Los venezolanos desde siempre parecen que se sienten hipnotizados con ese tipo de regímenes como bien lo señala nuestra historia republicana. Juan Vicente Gómez permaneció más de 30 años en el poder sin permitir ninguna disidencia. Igual sucedió con Marco Pérez Jiménez, quien ocupó la presidencia de la República apoyado por las armas y cerró las puertas a cualquier movimiento que luchara por imponer la democracia en el país.
Nada ha cambiado en el nuevo siglo. Los propios ciudadanos, seguramente” cansados de vivir en libertad”, fueron los impulsores del cambio de un gobierno al que se puede culpar de muchos errores, también de grandes aciertos y sobre todo respetuoso de las libertades públicas como elemento principista en la vida democrática de los pueblos.
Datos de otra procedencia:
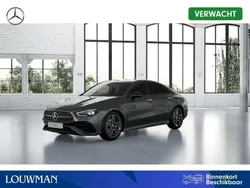 Berggrijs metaalkleur metallic Nieuw 2025 Mercedes CLA180 AMG line Sedan | € 49.395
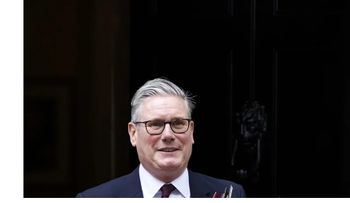 Starmer cesa a embajador por vínculo con Epstein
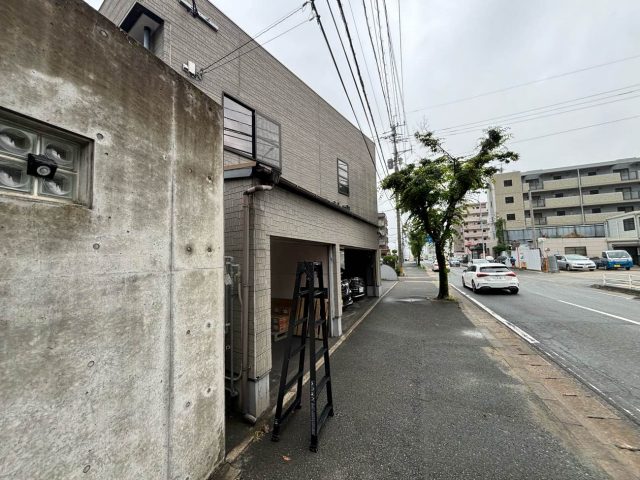 福岡市博多区の会社事務所の雨漏り調査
Los “nuevos salvadores de la patria” entendieron que las revoluciones se hacen para transformar los sistemas de gobierno, en el caso venezolano desarrollando un socialismo nada tolerante que pretende ser una copia al carbón del régimen comunista de los hermanos Castro, mentores de los nuevos dueños del poder político en Venezuela.
La revolución no se hizo para dejar las cosas como estaban antes –dijeron- al comenzar la destrucción de un país considerado como uno de los más ricos de la región, y con mayor proyección hacia el futuro.
Será entonces los ciudadanos, que una vez votaron erráticamente por un cambio, los que están obligados a ser otra vez los protagonistas de la cruzada de rescate de valores democráticos perdidos para lo cual es necesario mantener el equilibrio emocional y la unidad necesaria para no caer en provocaciones y desalientos a la hora de reclamar el derecho de volver a la normalidad.
Acostumbrarnos al mandato autoritario no es la mejor contribución a la lucha por hacer oír nuestra voz de protesta. La inmediatez no es buena consejera en estos tiempos de turbulencia y menos si viene acompañada de voces de desaliento y frustración. El valor ciudadano está por encima de esas voces agoreras que quieren hacernos ver que todo está perdido.